Pendidikan bukan hanya proses untuk memperoleh ilmu pengetahuan namun bagaimana seorang guru atau pendidik dapat menuntun anak menemukan kodrat jati diri, karakter dan budi pekertinya. Untuk dapat menumbuhkan hal tersebut anak-anak harus selalu dilatih dengan berbagai kegiatan, mereka harus terbiasa melakukan berbagai macam keterampilan yang mereka butuhkan agar dapat bertahan dalam masalah sekaligus memiliki kemampuan menemukan solusi untuk memecahkan masalah sendiri yang mereka hadapi, dan tentu saja proses ini akan mengajarkan mereka menjadi pribadi-pribadi yang bijaksana dan berbudi pekerti luhur.
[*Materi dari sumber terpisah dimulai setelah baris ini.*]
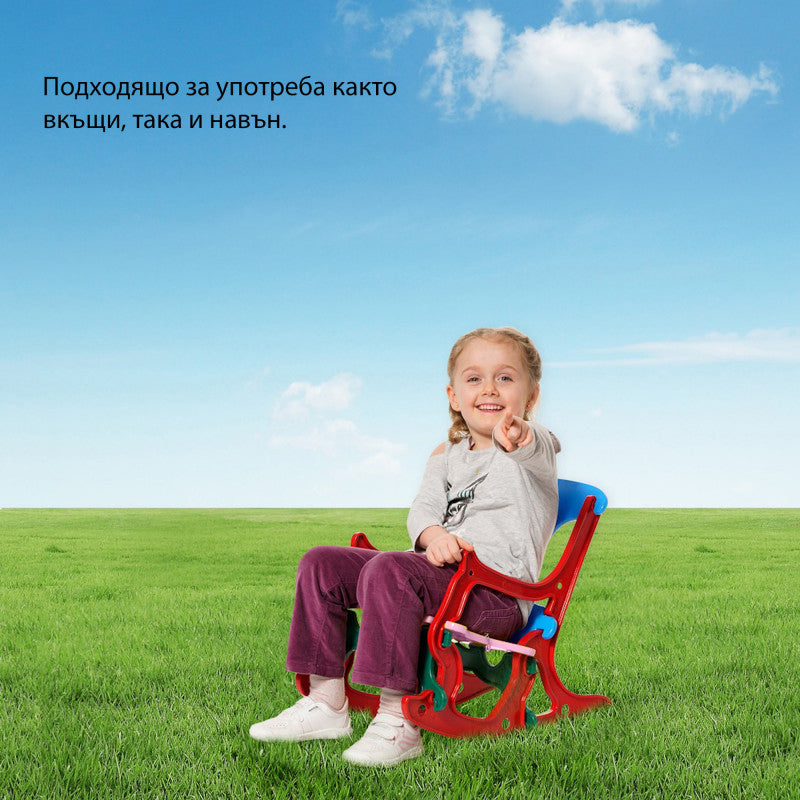 Дете използва Столче за Люлеене Тони на открито, подходящо за вкъщи, двор и градина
Pembelajaran Sosial Emosional adalah pembelajaran berbasis keterampilan dalam mendidik yang dibutuhkan anak untuk dapat bertahan dalam masalah dan memiliki kemampuan memecahkan masalah.

Pembelajaran Sosial dan Emosional adalah pembelajaran yang dilakukan secara kolaboratif oleh seluruh komunitas sekolah. Proses kolaborasi ini memungkinkan anak dan orang dewasa di sekolah memperoleh dan menerapkan pengetahuan, keterampilan dan sikap positif mengenai aspek sosial dan emosional. Adapun tujuan pembelajaran sosial dan emosional yaitu memberikan pemahaman, penghayatan dan kemampuan untuk mengelola emosi (kesadaran diri), menetapkan dan mencapai tujuan positif (pengelolaan diri), merasakan dan menunjukkan empati kepada orang lain (kesadaran sosial), membangun dan mempertahankan hubungan yang positif (keterampilan membangun relasi) dan membuat keputusan yang bertanggung jawab (pengambilan keputusan yang bertanggung jawab).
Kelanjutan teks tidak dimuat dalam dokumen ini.